April 2010 -- The Manitoba government proposes new legislation allowing it to cap loan fees and rates at $17 per $100, as long as the federal government allows it.
July 7 -- Ottawa passes a cabinet order allowing Manitoba to regulate criminal interest rates, normally a federal job.
July 20 -- Manitoba proclaims the legislation, slated to take effect in mid-October.
The Cash Store also argues the federal government didn't consult with lenders, ignored key pieces of information and failed to follow its own procedures when it passed a cabinet order allowing Manitoba to regulate payday loan charges.
The Cash Store is asking the Federal Court for a judicial review of the matter, a move that could again delay new rules meant to protect poor people from predatory loans.
"Our intent is to bring in the legislation on the date we intended," government spokeswoman Rachel Morgan said. "If there's any change as a result of this case, we'll deal with it when it comes."
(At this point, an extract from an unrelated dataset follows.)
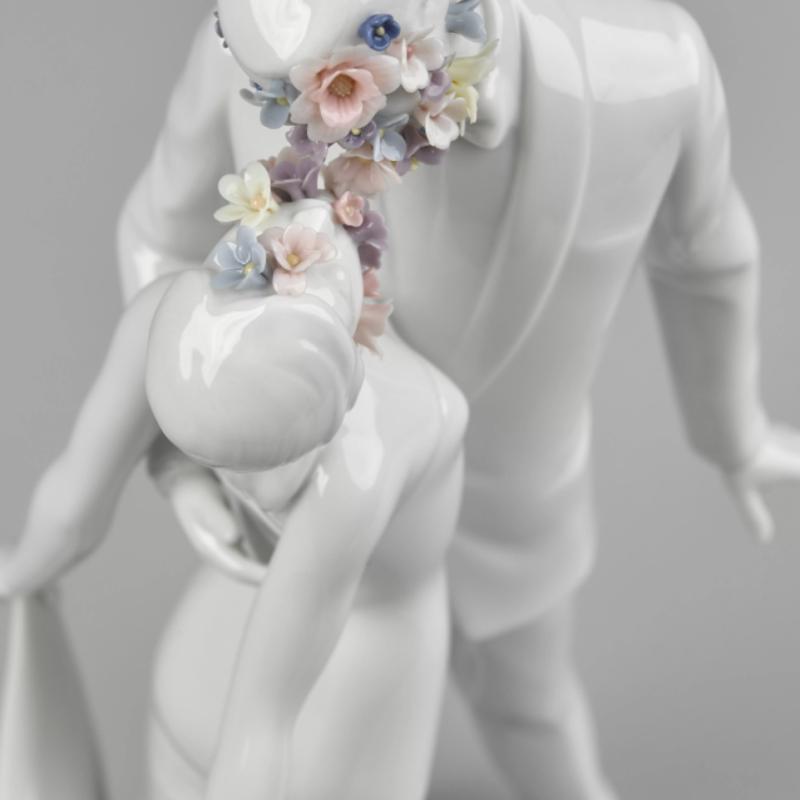 LLADRO Love Couple Figurine 01007231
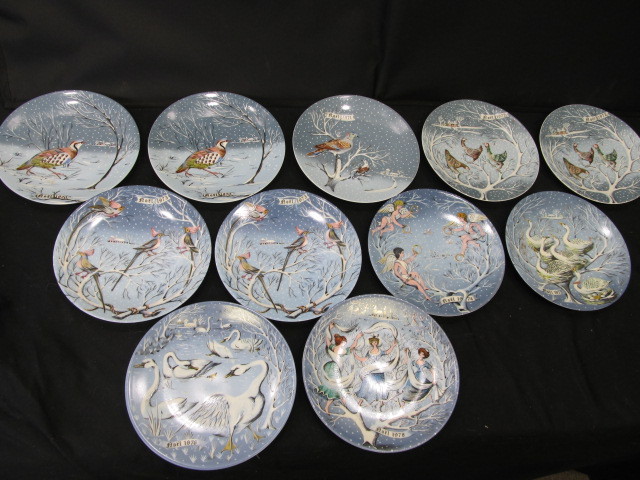 lot 145 image: 11 Vintage Signed Haviland Limoges Noel Plates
Until now, new payday loan rules appeared to be chugging along, finally, after a four-year battle. Earlier this month, the federal government approved Manitoba regulating payday loan rates and the province announced the new cap would kick in Oct. 18.
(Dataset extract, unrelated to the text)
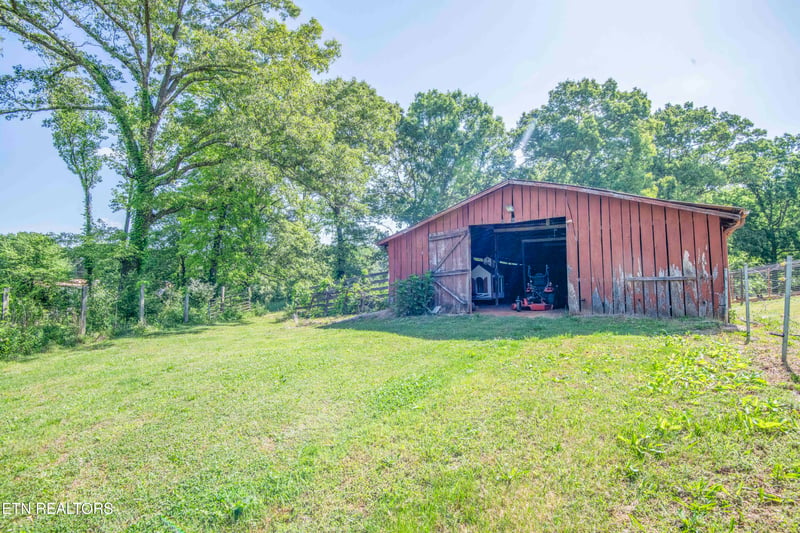 150 Watson Tc, Madisonville, TN 37354
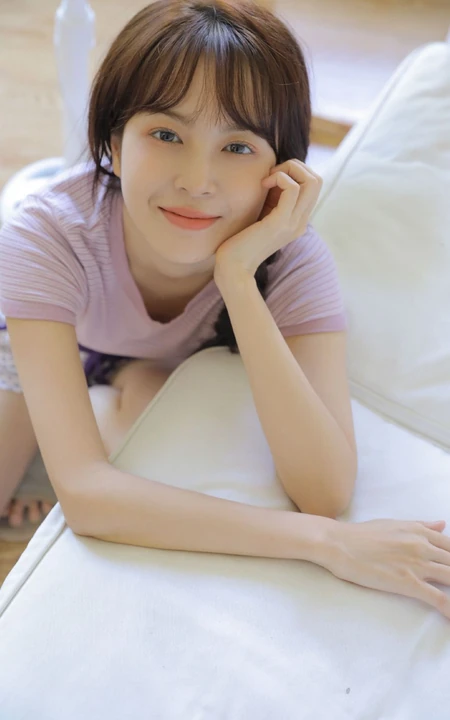 简简单单，清清爽爽，气质可人花季少女多套清爽穿搭室内动人写真套图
Manitoba's new rules cap interest and fees at $17 for every $100 loaned -- the lowest fees in the country. To protect people from a spiralling cycle of debt, a loan can only be made for 30 per cent of a person's next paycheque. A host of other regulations protect the poor by ensuring all fees are explained in plain English and lenders can't use rewards or incentives to woo borrowers.
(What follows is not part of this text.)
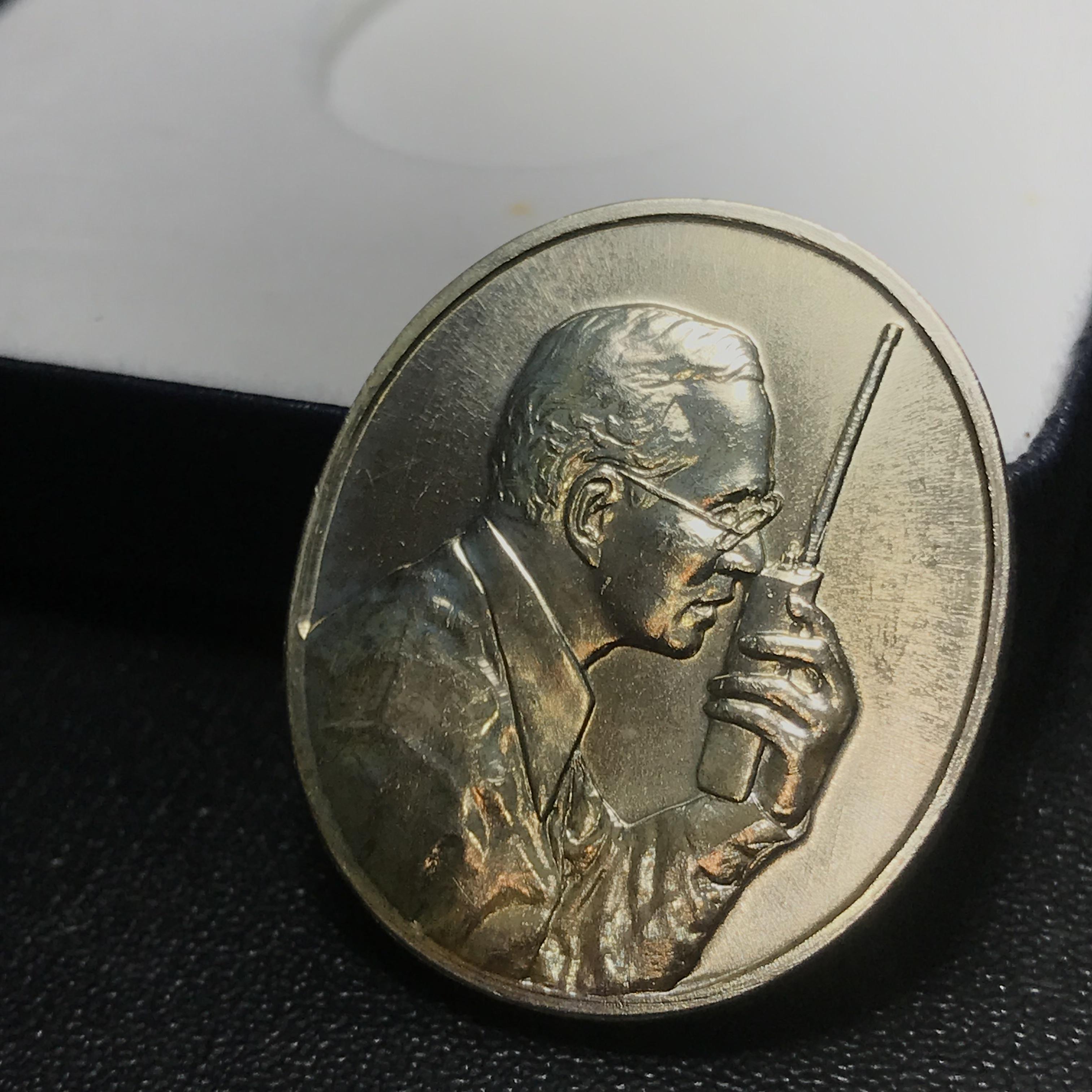 เหรียญที่ระลึกเฉลิมพระเกียรติ พระราชกรณียกิจ ด้านการสื่อสาร กรมไปรษณีย์โทรเลข ปี2539 เนื้อเงิน กล่องซองบรรจุครบผิวเดิมขึ้นน้ำทองสวยงาม(ในหลวงทรงวิทยุVR009)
The quick-loan industry balked at the new rules, saying they would put many stores out of business and harm customers who have no other access to emergency credit, except to pawn their goods.
As big banks close their doors in the inner city, payday loan stores have mushroomed. There are at least 33 stores in Winnipeg, plus many more online, that advance a few hundred dollars to customers with poor credit until their next paycheque or welfare cheque.
Wayne Helgason, executive director of the Social Planning Council of Winnipeg and one of the poverty activists who have long called for a quick-loan crackdown, said any delay will harm low-income Manitobans. "The effect will be a continued exploitation of a lot of people who, unfortunately, have few options," Helgason said. "It's obviously a lucrative business that takes money directly away from those who most need to keep it."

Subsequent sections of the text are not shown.